:: Data excerpts

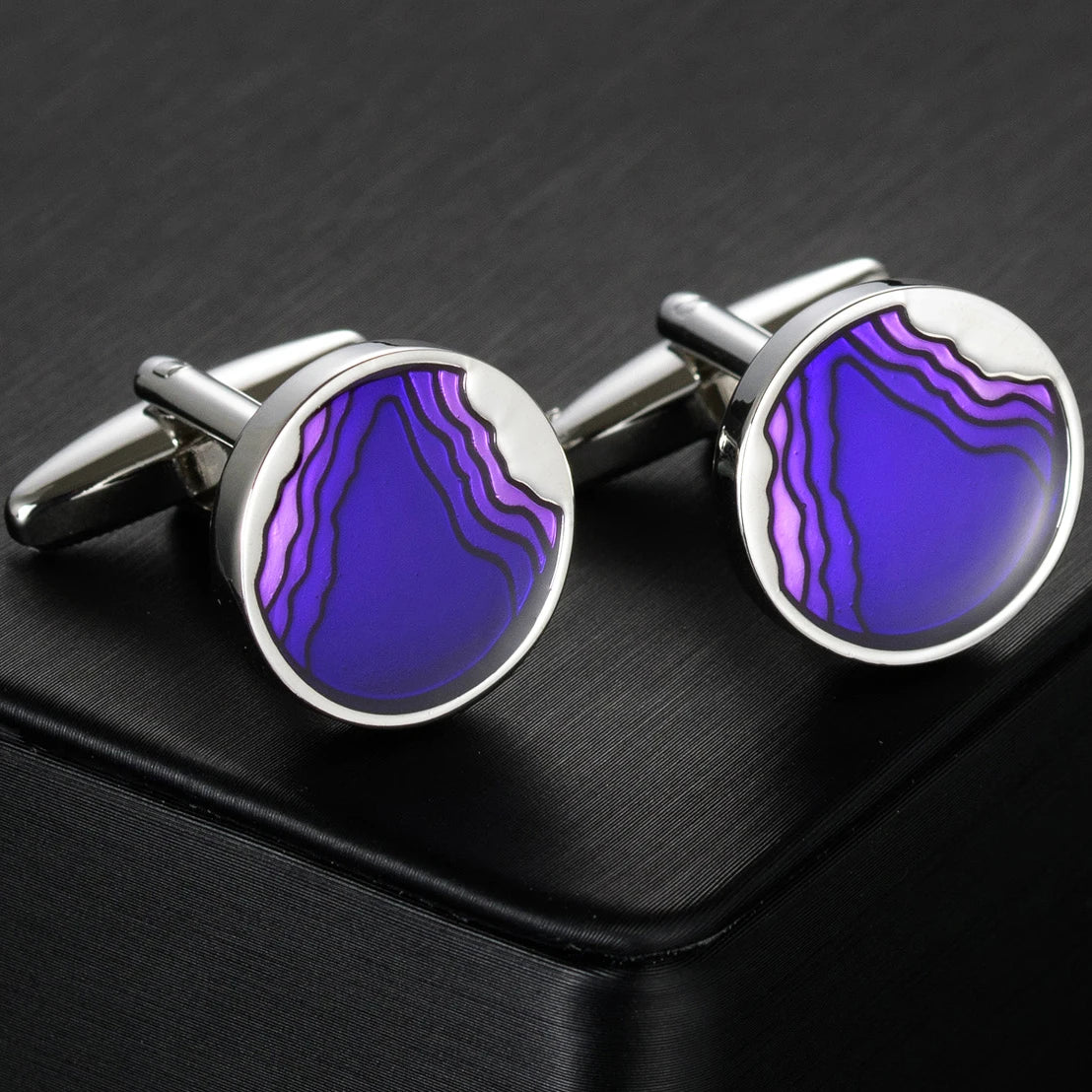 Boutons de manchette ronds en acier inoxydable, argent et violet, parfaits pour une tenue habillée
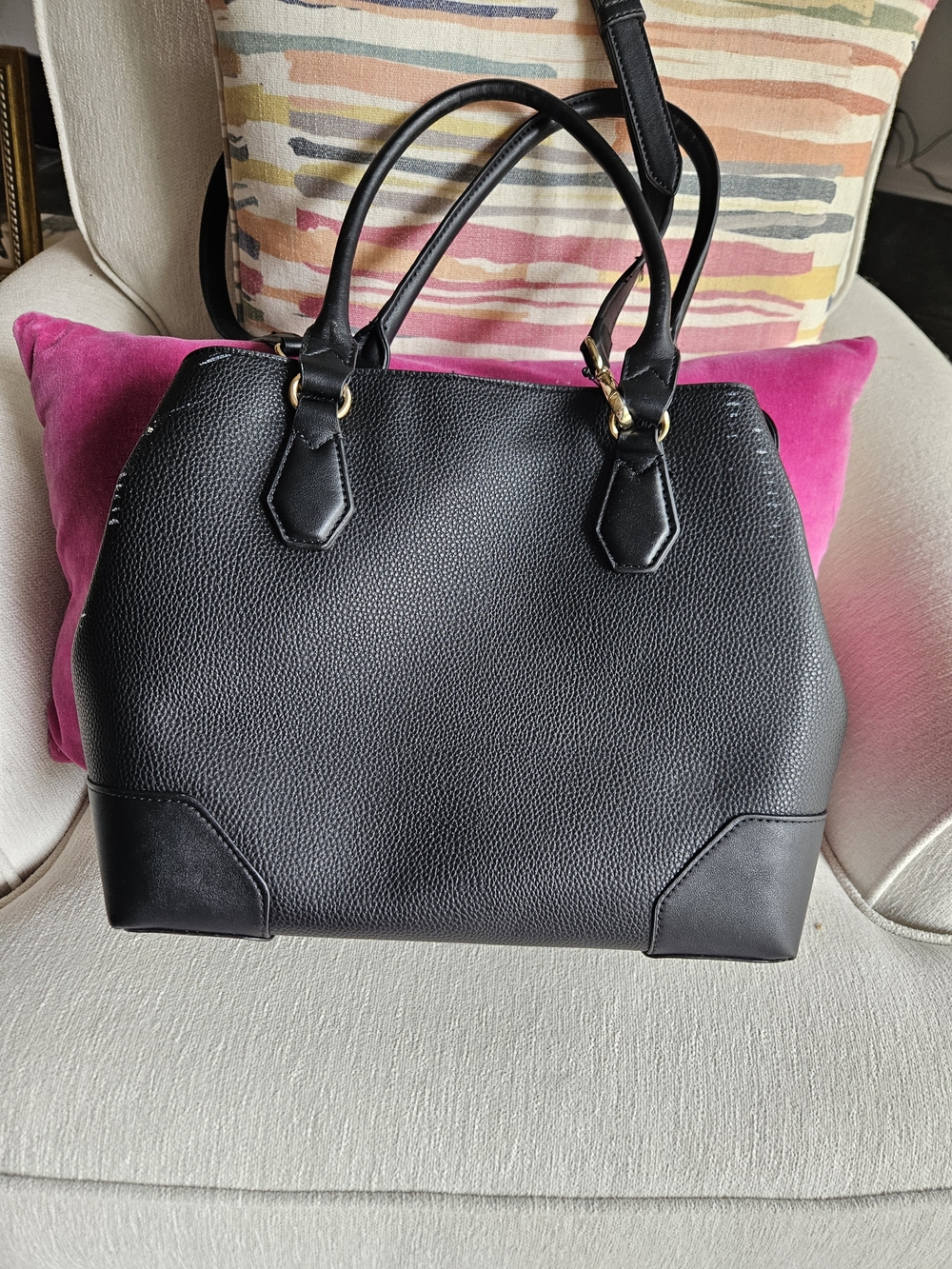 Nine West Black Pebbled Leather Satchel with Gold Accents - Picture 3 of 7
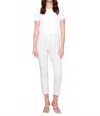 Charlie B Stripe Capri Pant In Greige In White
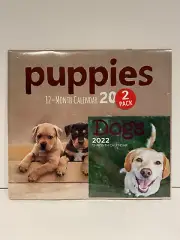 2022 Wall Calendar 2 Pack Dogs and Puppies 12 Months BRAND NEW Sealed in Wrap!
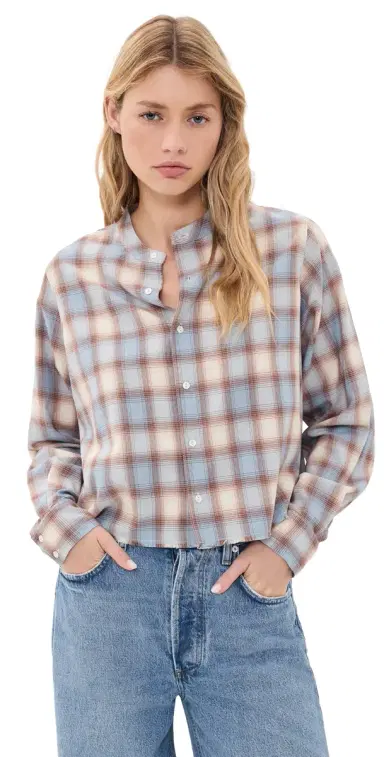 RE/DONE Bianca Shirt Bluebell Plaid | Thumbnail 1 RE/DONE Bianca Shirt Bluebell Plaid | Thumbnail 1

::::

All lines from the one that contains "Charlie B Stripe" through the last line of the data should be retyped exactly, with the pictures left out.

• **Answer section**
 Charlie B Stripe Capri Pant In Greige In White
 2022 Wall Calendar 2 Pack Dogs and Puppies 12 Months BRAND NEW Sealed in Wrap!
 RE/DONE Bianca Shirt Bluebell Plaid | Thumbnail 1 RE/DONE Bianca Shirt Bluebell Plaid | Thumbnail 1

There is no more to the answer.